Set frequency mask to frequencies attribute.

Parameters:
  • notch_list_path (str) – Path to notch list to apply to frequency array.

  • flow (float, optional) – Lowest frequency to consider. Defaults to 20 Hz.

  • fhigh (float, optional) – Highest frequency to consider. Defaults to 1726 Hz.

See also

pygwb.notch.StochNotchList

Used to read in the frequency notches.

set_interferometer_data_from_simulator(N_segments, GWB_intensity=None, CBC_dict=None, sampling_frequency=None, start_time=None, inject_into_data_flag=False)[source]

Fill interferometers with data from simulation. Data can already be present in the intereferometers of the network, in which case the simulated data will be injected on top of the data already present.

Parameters:
  • N_segments (int) – Number of segments to simulate.

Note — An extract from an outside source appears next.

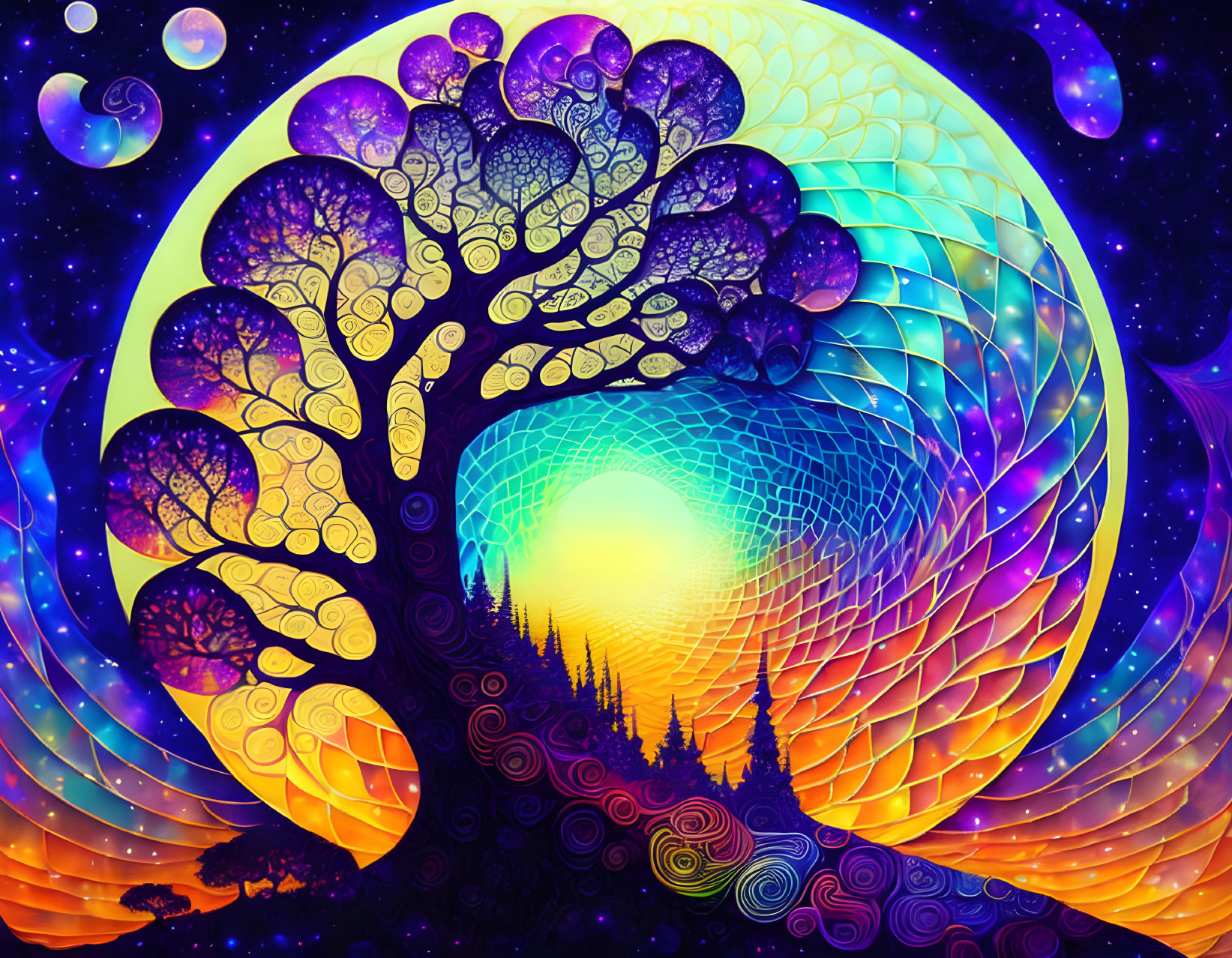 Vibrant artistic depiction of purple leaf tree in cosmic setting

  • GWB_intensity (gwpy.frequencyseries.FrequencySeries, optional) – A gwpy.frequencyseries.FrequencySeries containing the desired strain power spectrum. Defaults to None, in which case CBC_dict should be passed.

  • CBC_dict (dict, optional) – Dictionary containing the parameters of CBC injections. Default to None, in which case GWB_intensity should be passed.

  • sampling_frequency (float, optional) – Sampling frequency at which the data needs to be simulated. If not specified (None), will check for interferometer’s sampling frequency.

  • start_time (float, optional) – Start time of the simulated data. If not passed (None), will check for interferometer’s timeseries start time. If not specified either, start time will default to 0.

  • inject_into_data_flag (bool, optional) – Flag that specifies whether or not the simulated data needs to be injected into data, i.e. if there is already data present in the interferometers of the network. If so, only data will be simulated and no extra noise will be added on top of the simulated data. Defaults to False.

See also

pygwb.simulator.Simulator

Used to simulate data.

set_point_estimate_sigma(notch_list_path='', flow=20, fhigh=1726)[source]

Set point estimate sigma based the combined spectra from each Baseline. This is the estimate of omega_gw in each frequency bin.

Parameters:
  • notch_list_path (str, optional) – Path to the notch list to use in the spectrum; if the notch_list isn’t set in the baseline, user can pass it directly here. If it is not set and if none is passed no notches will be applied.

  • flow (float, optional) – Low frequency. Default is 20 Hz.

  • fhigh (float, optional) – High frequency. Default is 1726 Hz.